Men will be Men – this saying is trendy these days. But, what does it actually mean? Does it imply superior rights for men? Or does it attempt to define manhood? From a societal standpoint an ideal man is one who has the following characteristics : rough, tough, muscular, honest, hardworking, strong, righteous etc. But, how were these “manly” characteristics determined? Does being strong mean being aggressive? Does being honest means insulting others? Does being hardworking give the right to raise a hand against a wife and children?
“A real man feels no pain” and “Boys don’t cry”, these are very familiar phrases in society. But, what about the man who is in pain and societal norms do not allow him not to show his pain, this situation can make him toxic inside. The toxic notion that men are supposed to have the aura of being rough and tough is the reason for objectification of women, ragging, hetero normative culture, misogyny, dowry, eve teasing, patriarchy, rapes and other social evils. Seen in a broad spectrum, wars, terrorism and religious fundamentalism are the consequences of this “toxic masculinity”. Society has put men into a cage whose sides are made up of all these traits, which continuously press him deeper into a dark hole.
This “toxic manhood” is not only harming women, but is also causes mental health problems for men. If men do not perform well on this socially constructed platform of manhood – they are considered as lily – livered and effeminate, consequently leading them to stunted emotional growth and making them questioning their own abilities.
Films have a great impact on society as a whole. In India, Bollywood movies have also glorified this very idea of suppressing their emotions, what follows is a lifelong whirlwind of feeling guilty about feeling a certain way, being vulnerable, and hiding how they actually feel. “A man becomes what he watches” — in some Bollywood movies, the male protagonist even teases and stalks the female protagonist and the irony is at the end she falls in love with him, giving men the impression that women fall for them, if they stalk them and tease them.

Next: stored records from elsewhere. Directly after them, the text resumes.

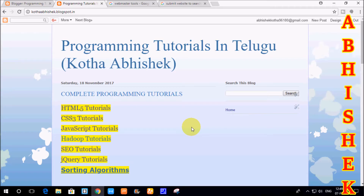Hi friends, we are going to do SEO tutorials. In this next tutorial, we are going to learn about creating a website or blog.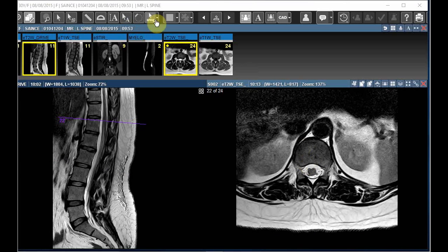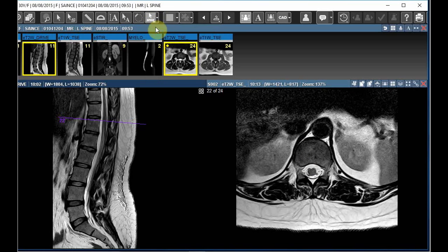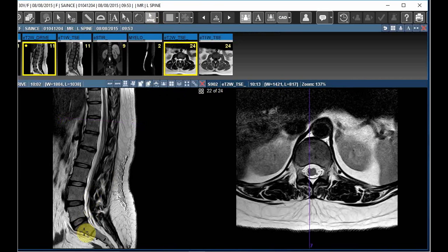This is the Automatic Spine Labeling Tool icon. Click on this icon and select the region which you want to do the labeling. If you select the LS Point, it will automatically start from S1 in a descending order.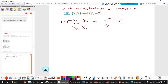We get negative 2 minus 2 over 7 minus 7. Negative 2 minus 2 is negative 4, and 7 minus 7 is zero. Based on our work from last class, what kind of line is that? The slope is undefined because we're dividing by zero. Since the x-values have no change, we're not going left or right — so this must be a vertical line.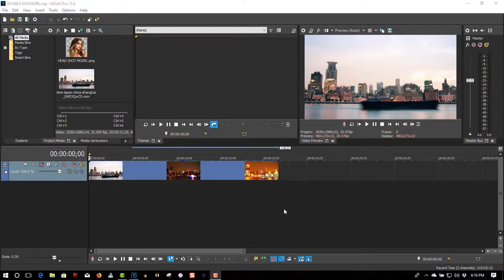In this tutorial, I'll show you how to do a double exposure effect like you've seen in the very beginning of this video. It gives a real cool effect.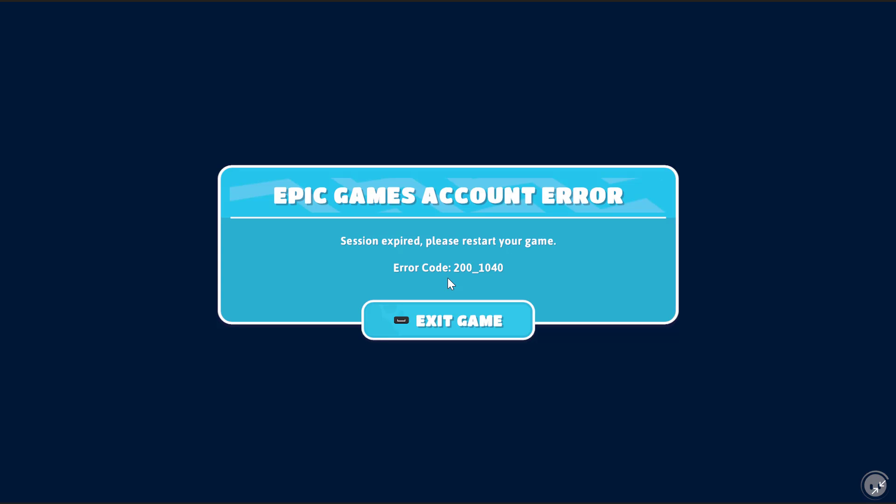Hey, what is going on YouTube? So if you're having issues with Fall Guys and you're having this code 2001040, I'm going to be providing you with four solutions as to how to fix this. So let's actually start.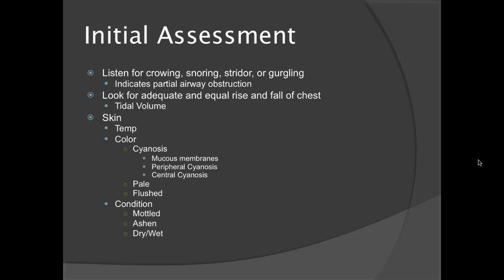You'll listen for crowing, snoring, stridor, or gurgling, which indicate a partial airway obstruction and should be treated as such. You'll look for adequate and equal rise and fall of the chest to indicate adequate tidal volume. Assess their skin temperature — are they warm, cool, cold, or blazing hot? These are all very important things to note and document.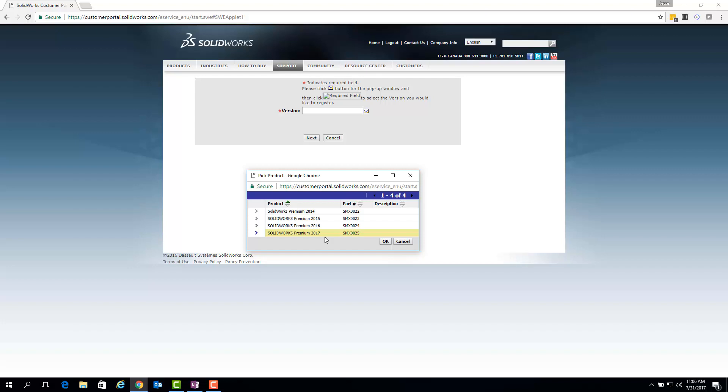So once you've selected the most up-to-date version applicable, just simply click OK. Note that if you don't see the most up-to-date release listed here, then you may need to navigate to the next page of products that is listed by checking up here and clicking on the next record button.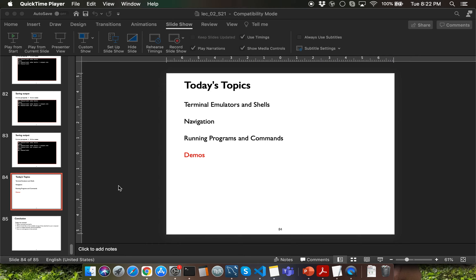Hello everyone. In this video, I'll be going through a demo of shell commands on my Mac laptop. If you have a Windows laptop, please watch the next video which will go through the same demo on a Windows platform.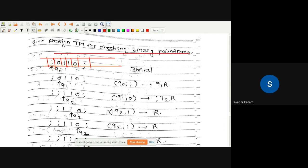q0 will read this semicolon and change its state to q1. q1 will read this zero, make it a semicolon, change its state to q2, and move to the extreme right-hand side to check the end — because now it is going to check end to end.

It is not only men who buy in to the concept of toxic masculinity. History has shown that women also buy into the mystic of toxic masculinity — women adopt this concept in the name of culture and habit, and either verbalise it or simply don’t speak up against it.
So, what is the solution?
Men should be taught from an early age that crying and expressing emotions is a completely normal thing to do, and that expressing emotions is considered healthy. They should be taught that it’s okay to feel what you feel, it is normal, it is admirable, and to use that feeling and apply it to their next course of action. They should be taught that violence and aggression are not the solution, and should be taught to find healthier and long lasting solutions and coping methods.
“Never forget, mistakes can be redeemed, people can change, maybe not everyone, but for the vast majority of men”. Now you decide, are you capable of learning and growing?